There are dedicated functions related with latches in KSL (Kernel Service layer Latching & Wait) layer as kslgetl (KSL Get Exclusive Latch), kslgetsl (KSL Get Shared Latch), etc.
But also latches can be captured inside functions like kcbgtcr (consistent get) or kcbgcur (current get) without dedicated calls of ksl* functions.
Looks like duplicated code.

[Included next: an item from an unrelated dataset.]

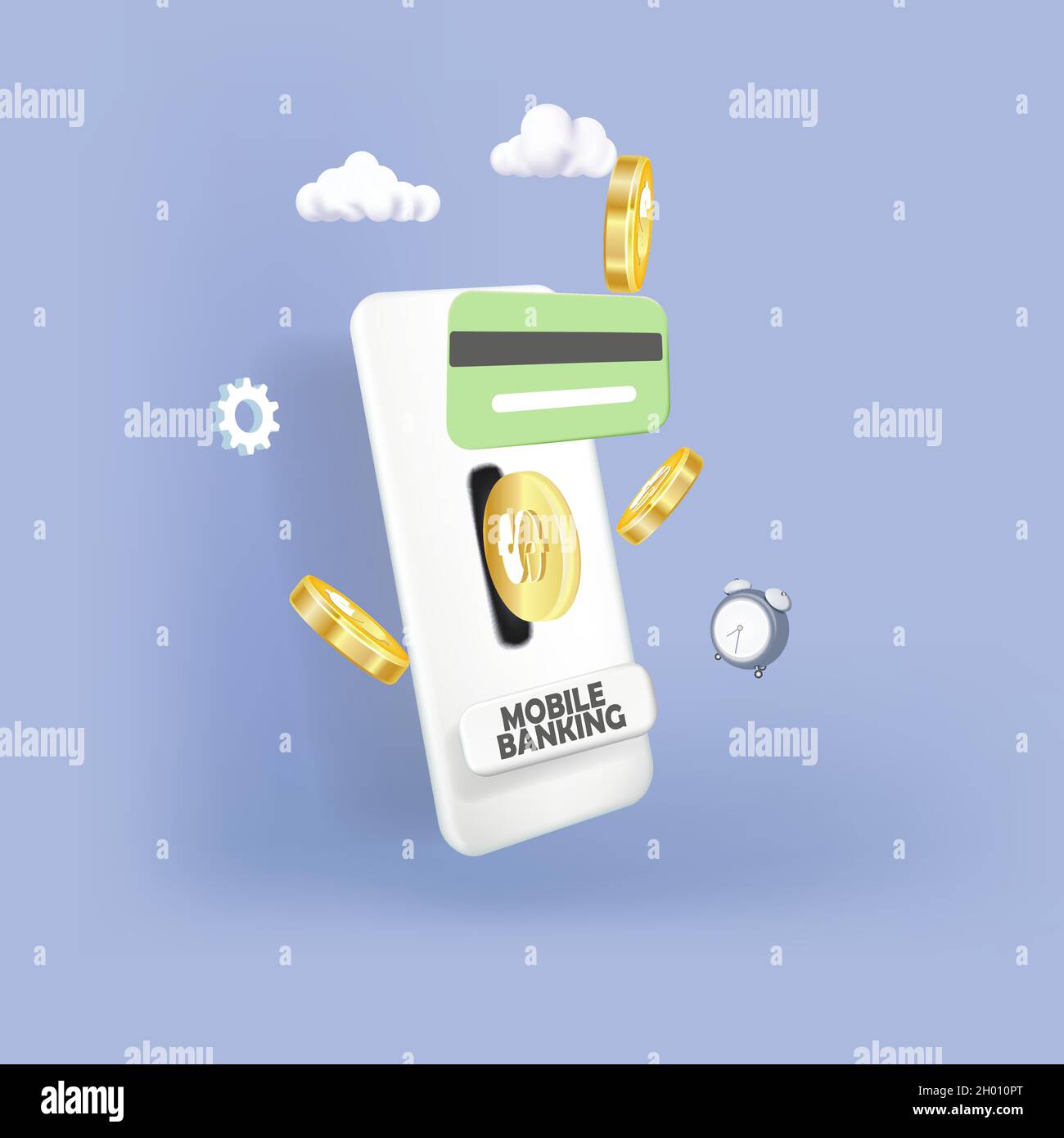 Mobile banking service, pagamento finanziario smartphone schermo mobile, tecnologia mobile display luce. Illustrazione vettoriale Illustrazione Vettoriale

In fact historically there are macroses KSLBEGIN / KSLEND in many functions, so code is not duplicated but as a result we do not see actions with latches as dedicated calls.
Following query can be helpful
SQL> SELECT t1.ksllasnam "parent_name", 2 t2.ksllwnam "location" 3 FROM x$ksllw t2, x$kslwsc t1 4 WHERE t2.indx = t1.indx 5 and ksllwnam like 'kcbrls%'; parent_name location ---------------------- ----------------- cache buffers chains kcbrls: kslbegin
2) not enough memory for probes
If you will try to trace oracle processes without calls filter (option -f) or with wide filter, for example k* (to trace all kernel functions), you very likely will be faced with an error “failed to create probe … Not enough space”, solution is here
3) Use the tool only in testing environments. Some options (for example option -K – to trace kernel calls) can reduce response time of a system.
4) DTrace has lazy load
Some probes from shared libraries are not fired if patterns are used.
If you will do something like (pay attention the first and the third command are the same)
dtrace -n "pid<PID>:lib*:gethrtime:entry" dtrace -n "pid<PID>:libc.so.1:gethrtime:entry" dtrace -n "pid<PID>:lib*:gethrtime:entry"
then the first run you will get an error
dtrace: invalid probe specifier pid7144:lib*:gethrtime:entry: probe description pid7144:lib*:gethrtime:entry does not match any probes
but the second and the third run will be succesfully.
The reason is in lazy load.
See also: http://www.mail-archive.com/dtrace-discuss@opensolaris.org/msg03853.html
Examples
– Buffer is pinned count
– Timing: rowsource statistics. Part 1: How it works
– Timing: rowsource statistics. Part 2: Overhead and inconsistent time
Post Scriptum
Any ideas how to improve the tool or bugs are welcome.
Could you please provide source code of dagger tool. The link which you have provided in the post is not taking me to the site.